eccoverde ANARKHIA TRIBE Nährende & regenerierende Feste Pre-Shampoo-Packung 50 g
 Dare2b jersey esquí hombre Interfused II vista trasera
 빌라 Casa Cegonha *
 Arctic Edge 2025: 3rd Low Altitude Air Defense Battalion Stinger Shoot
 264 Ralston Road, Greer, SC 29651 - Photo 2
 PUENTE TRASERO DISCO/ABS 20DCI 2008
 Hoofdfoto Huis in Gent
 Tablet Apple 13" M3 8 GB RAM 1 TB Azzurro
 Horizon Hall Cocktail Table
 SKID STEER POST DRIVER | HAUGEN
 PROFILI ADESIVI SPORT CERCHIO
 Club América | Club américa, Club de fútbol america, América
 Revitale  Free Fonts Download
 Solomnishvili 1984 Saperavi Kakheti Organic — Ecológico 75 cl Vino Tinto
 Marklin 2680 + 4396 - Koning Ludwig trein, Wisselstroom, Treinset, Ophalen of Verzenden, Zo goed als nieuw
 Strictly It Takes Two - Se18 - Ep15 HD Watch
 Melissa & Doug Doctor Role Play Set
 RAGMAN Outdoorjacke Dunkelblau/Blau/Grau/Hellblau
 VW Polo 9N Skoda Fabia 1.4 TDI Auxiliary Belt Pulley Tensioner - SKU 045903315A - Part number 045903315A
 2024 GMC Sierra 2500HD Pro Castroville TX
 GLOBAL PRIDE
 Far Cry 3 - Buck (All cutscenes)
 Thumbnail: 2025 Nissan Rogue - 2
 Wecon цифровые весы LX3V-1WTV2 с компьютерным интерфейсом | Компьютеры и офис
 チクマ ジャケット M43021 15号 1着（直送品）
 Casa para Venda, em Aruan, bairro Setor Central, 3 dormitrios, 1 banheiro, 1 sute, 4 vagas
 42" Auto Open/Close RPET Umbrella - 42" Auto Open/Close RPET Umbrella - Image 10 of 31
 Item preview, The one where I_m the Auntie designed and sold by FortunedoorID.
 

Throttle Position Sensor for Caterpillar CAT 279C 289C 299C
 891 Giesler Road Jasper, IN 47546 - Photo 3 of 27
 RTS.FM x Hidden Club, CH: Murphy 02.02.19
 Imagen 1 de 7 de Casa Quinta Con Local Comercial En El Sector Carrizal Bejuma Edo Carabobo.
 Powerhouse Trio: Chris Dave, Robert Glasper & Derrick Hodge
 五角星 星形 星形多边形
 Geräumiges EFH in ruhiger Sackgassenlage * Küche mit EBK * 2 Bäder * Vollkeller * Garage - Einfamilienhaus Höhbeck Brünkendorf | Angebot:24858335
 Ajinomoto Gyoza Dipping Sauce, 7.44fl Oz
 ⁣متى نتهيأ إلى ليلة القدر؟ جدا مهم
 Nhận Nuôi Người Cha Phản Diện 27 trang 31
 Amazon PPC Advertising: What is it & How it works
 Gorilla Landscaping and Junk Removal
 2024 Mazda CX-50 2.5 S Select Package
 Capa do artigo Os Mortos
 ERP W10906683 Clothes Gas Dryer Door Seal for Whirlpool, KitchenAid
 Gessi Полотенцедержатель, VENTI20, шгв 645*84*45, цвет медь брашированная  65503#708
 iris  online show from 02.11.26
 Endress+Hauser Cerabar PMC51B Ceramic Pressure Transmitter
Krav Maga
○ ○ ○ ○ ○
• [Exercise description]: Return, word for word, the lines from the one containing "RTS.FM x Hidden Club, CH: Murphy 02.02.19" through the end of the data above, both ends included, and nothing else.

• [Written response]:
 RTS.FM x Hidden Club, CH: Murphy 02.02.19
 Imagen 1 de 7 de Casa Quinta Con Local Comercial En El Sector Carrizal Bejuma Edo Carabobo.
 Powerhouse Trio: Chris Dave, Robert Glasper & Derrick Hodge
 五角星 星形 星形多边形
 Geräumiges EFH in ruhiger Sackgassenlage * Küche mit EBK * 2 Bäder * Vollkeller * Garage - Einfamilienhaus Höhbeck Brünkendorf | Angebot:24858335
 Ajinomoto Gyoza Dipping Sauce, 7.44fl Oz
 ⁣متى نتهيأ إلى ليلة القدر؟ جدا مهم
 Nhận Nuôi Người Cha Phản Diện 27 trang 31
 Amazon PPC Advertising: What is it & How it works
 Gorilla Landscaping and Junk Removal
 2024 Mazda CX-50 2.5 S Select Package
 Capa do artigo Os Mortos
 ERP W10906683 Clothes Gas Dryer Door Seal for Whirlpool, KitchenAid
 Gessi Полотенцедержатель, VENTI20, шгв 645*84*45, цвет медь брашированная  65503#708
 iris  online show from 02.11.26
 Endress+Hauser Cerabar PMC51B Ceramic Pressure Transmitter
Krav Maga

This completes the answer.